*EXERCISE MATERIAL*.
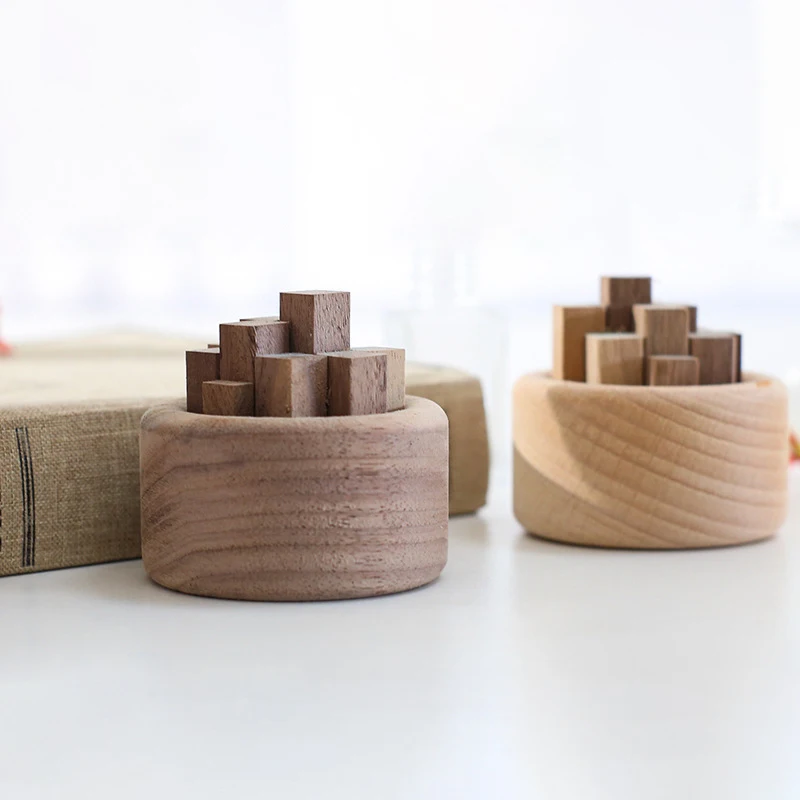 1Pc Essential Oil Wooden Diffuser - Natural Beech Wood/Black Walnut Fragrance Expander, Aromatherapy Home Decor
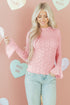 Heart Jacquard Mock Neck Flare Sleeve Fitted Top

...

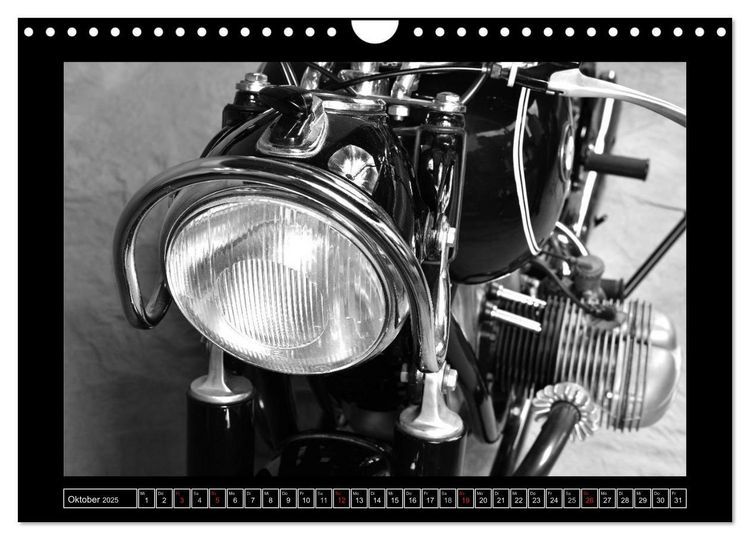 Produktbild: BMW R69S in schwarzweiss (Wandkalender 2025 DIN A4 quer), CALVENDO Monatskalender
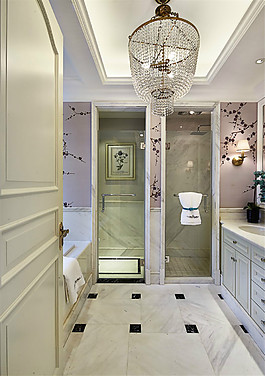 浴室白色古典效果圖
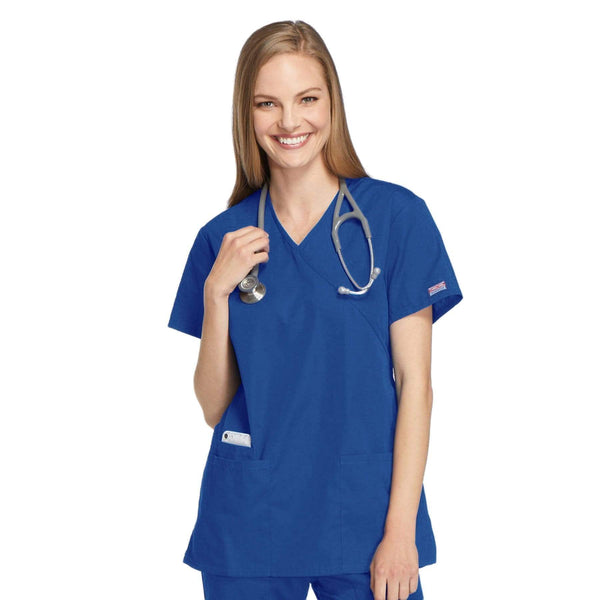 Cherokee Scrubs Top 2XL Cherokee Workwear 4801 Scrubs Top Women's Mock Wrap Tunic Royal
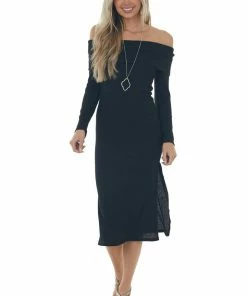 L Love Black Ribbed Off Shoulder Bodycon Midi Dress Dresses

...

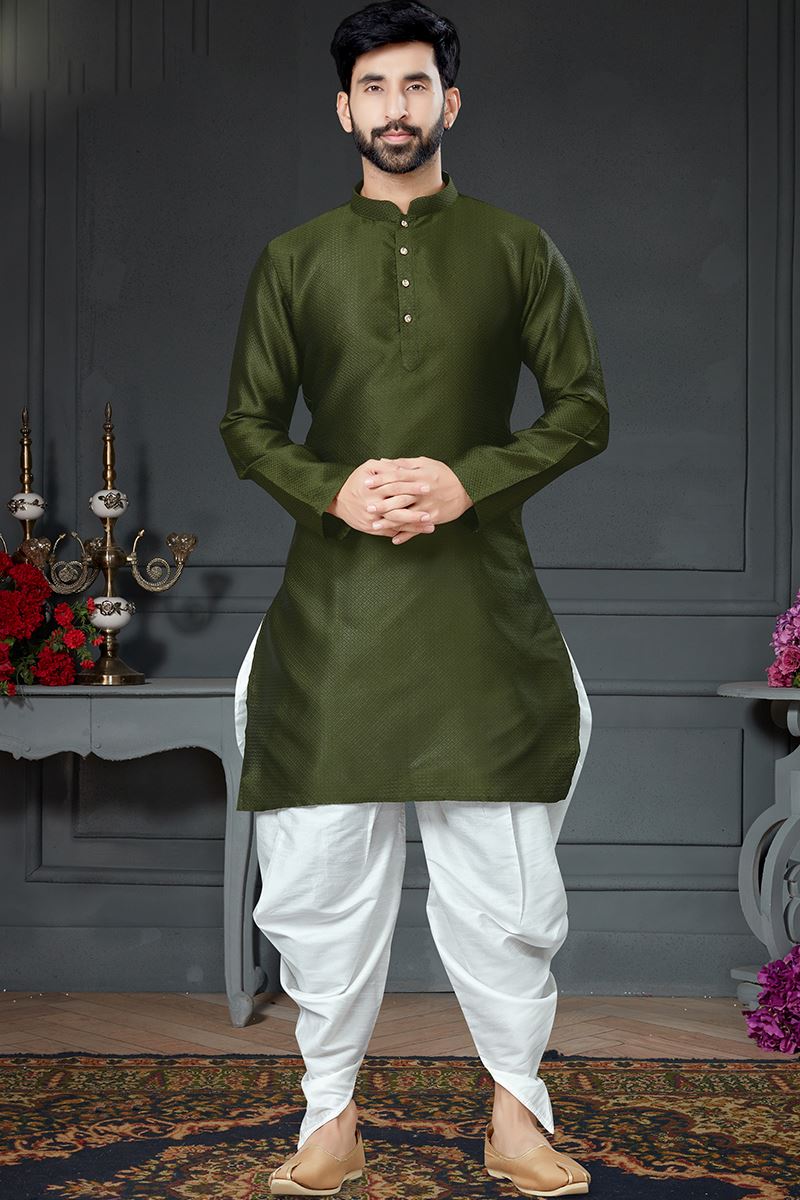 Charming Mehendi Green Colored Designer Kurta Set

*BRIEF*. Repeat the lines above exactly, beginning with the one containing "Cherokee Scrubs Top" and finishing with the one containing "L Love Black". No pictures belong in the copy.

*YOUR SOLUTION*.
 Cherokee Scrubs Top 2XL Cherokee Workwear 4801 Scrubs Top Women's Mock Wrap Tunic Royal
 L Love Black Ribbed Off Shoulder Bodycon Midi Dress Dresses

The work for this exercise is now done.